From the line that contains "CVTTransmission Pulley Piston" down to the final line below, please repeat each line exactly and nothing more, with no pictures.

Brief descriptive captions
=== Section Start ===
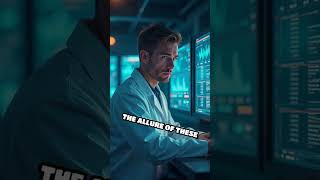 The Mystery of Phantom Signals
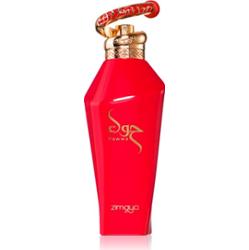 Zimaya Hawwa Red woda perfumowana dla kobiet 100 ml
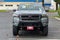 2026 Nissan Frontier PRO-4X PRO-4X R (Roush)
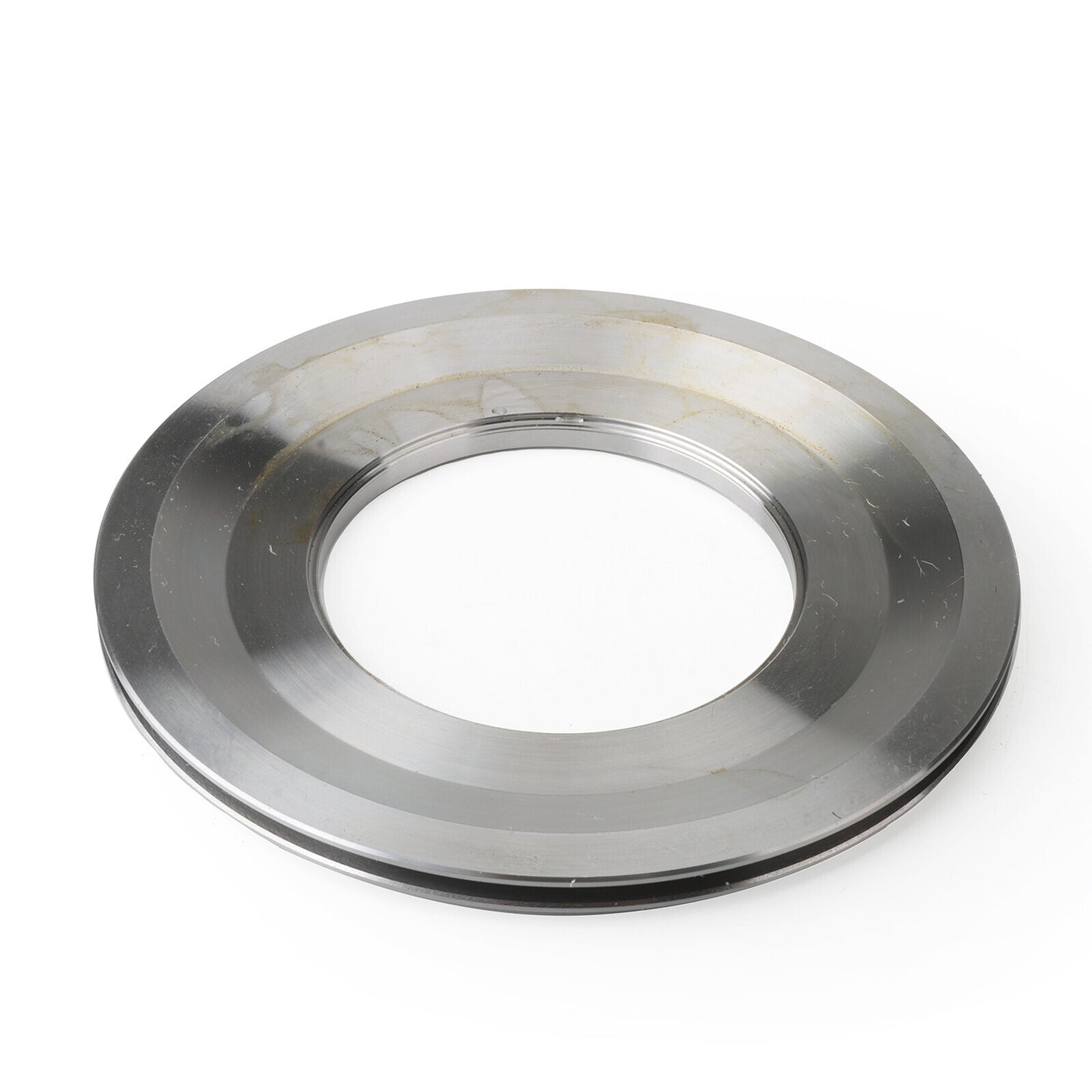 CVTTransmission Pulley Piston Rebuild Kit for Nissan for Mitsubishi JF015E TZ181337B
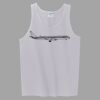 Ultra Cotton ® Tank Top Thumbnail
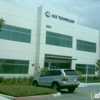 Excalibur Engineering Inc gallery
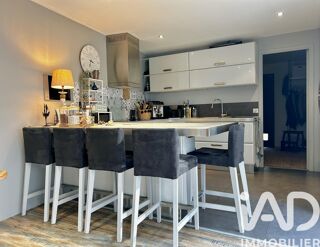  Maison � vendre 5 pi�ces 161 m�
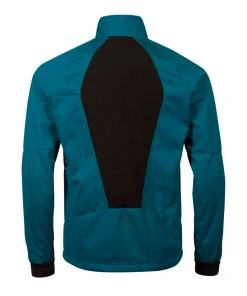 Halti Falun Men's XCT Softshell Jacket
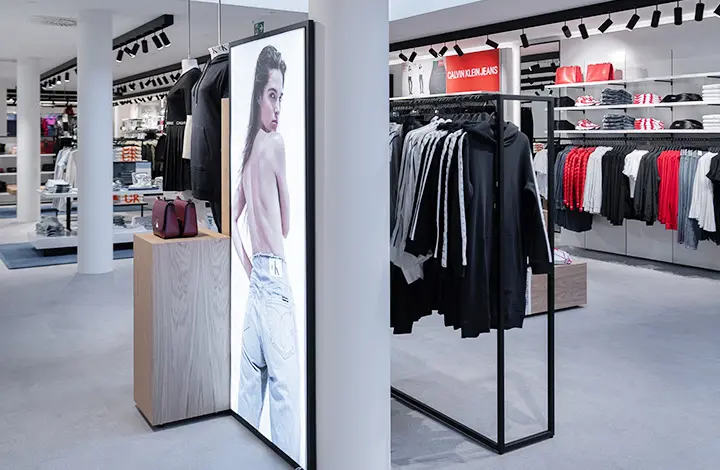 Grupo AXO: "Conociendo más a detalle a sus clientes" ¿Cómo hacerlo? 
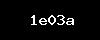 https://ljob.ru/wp-content/themes/noo-jobmonster/framework/functions/noo-captcha.php?code=1e03a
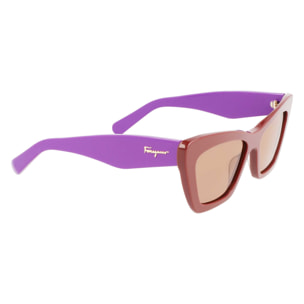Gafas de sol Ferragamo Mujer SF929S-209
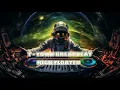 Download Lagu BREAKBEAT RESIK #5 - Mixtape 2025 - High Floated Melintir 🥶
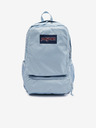 JANSPORT Doubleton Rucksack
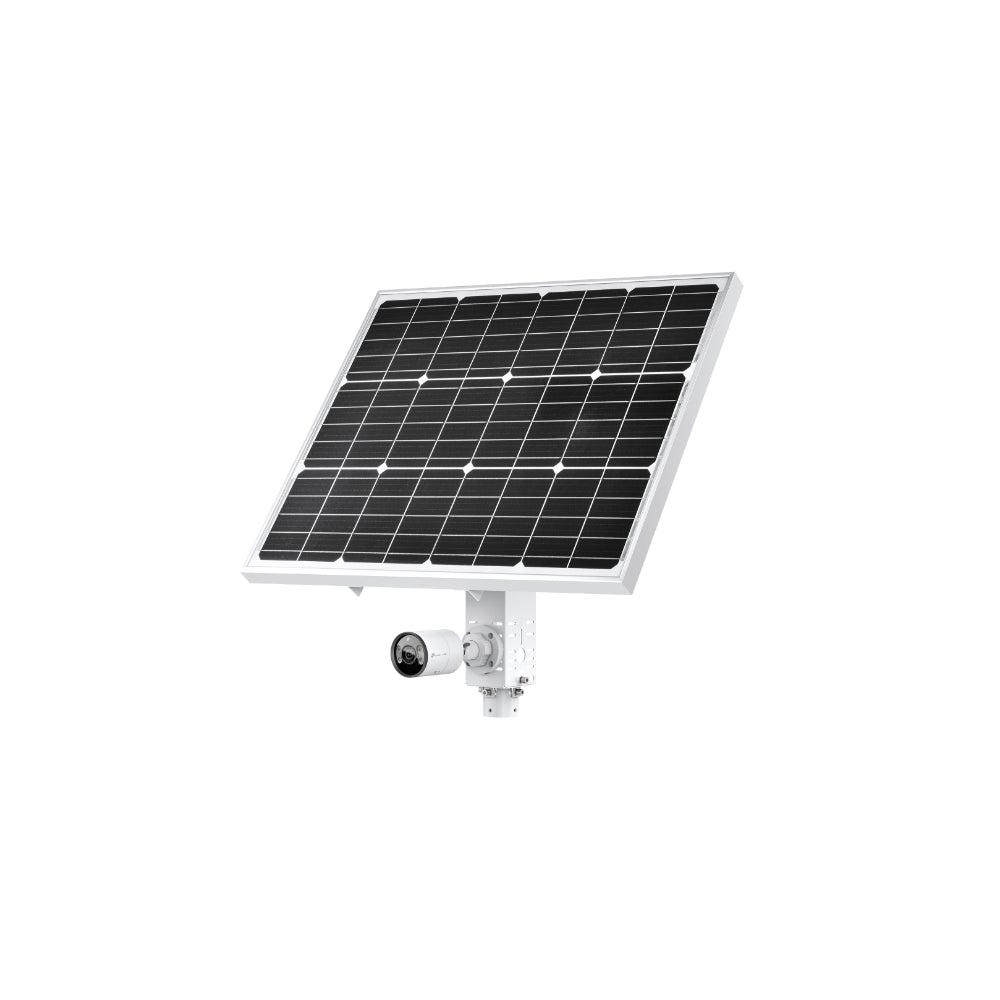 TP-Link VIGI SP6030 V1 - solarpanel - 60Watt
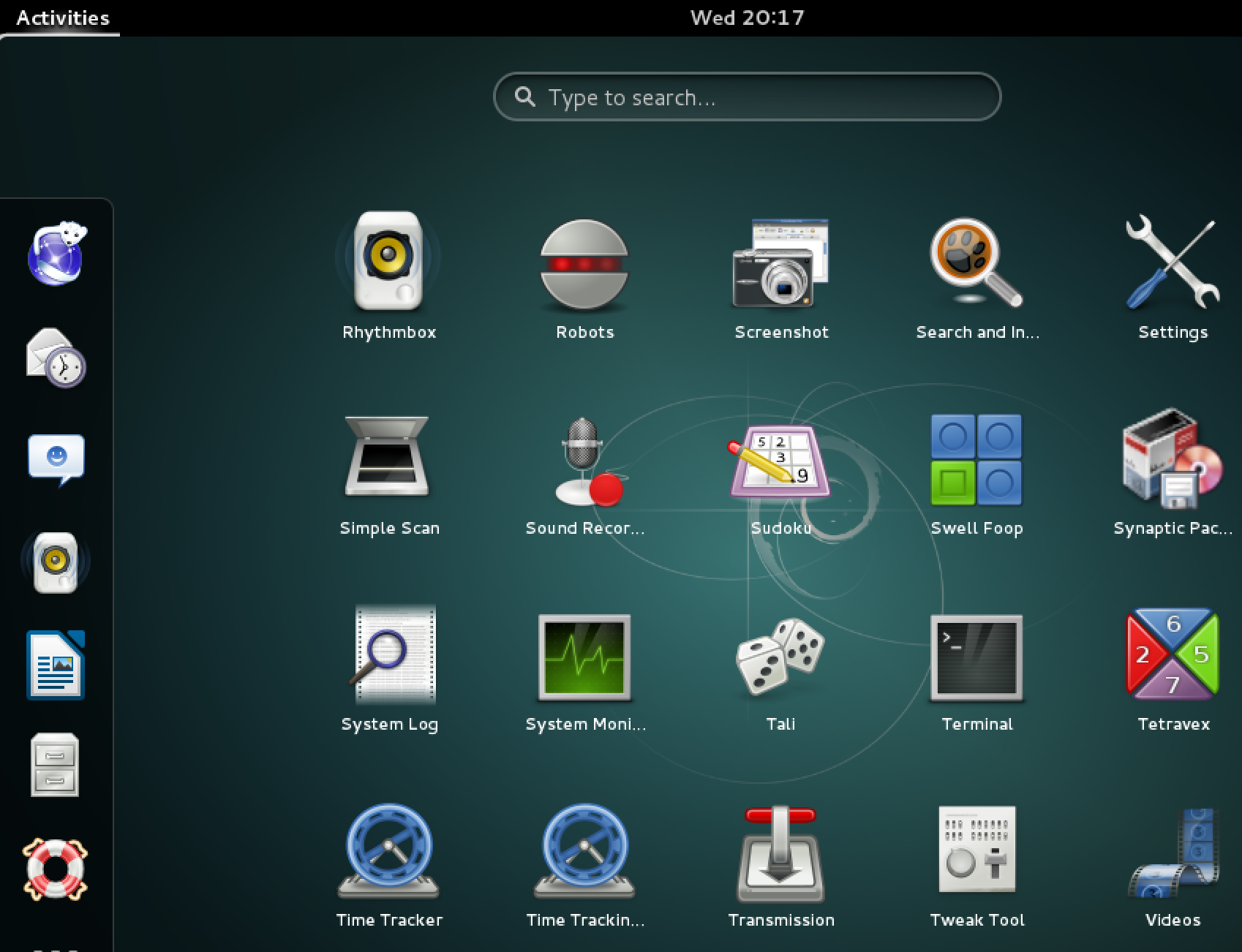 download vmware 32 bit for linux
=== Section End ===
_Result of this task:_
 CVTTransmission Pulley Piston Rebuild Kit for Nissan for Mitsubishi JF015E TZ181337B
 Ultra Cotton ® Tank Top Thumbnail
 Excalibur Engineering Inc gallery
  Maison � vendre 5 pi�ces 161 m�
 Halti Falun Men's XCT Softshell Jacket
 Grupo AXO: "Conociendo más a detalle a sus clientes" ¿Cómo hacerlo? 
 https://ljob.ru/wp-content/themes/noo-jobmonster/framework/functions/noo-captcha.php?code=1e03a
Gafas de sol Ferragamo Mujer SF929S-209
 Download Lagu BREAKBEAT RESIK #5 - Mixtape 2025 - High Floated Melintir 🥶
 JANSPORT Doubleton Rucksack
 TP-Link VIGI SP6030 V1 - solarpanel - 60Watt
 download vmware 32 bit for linux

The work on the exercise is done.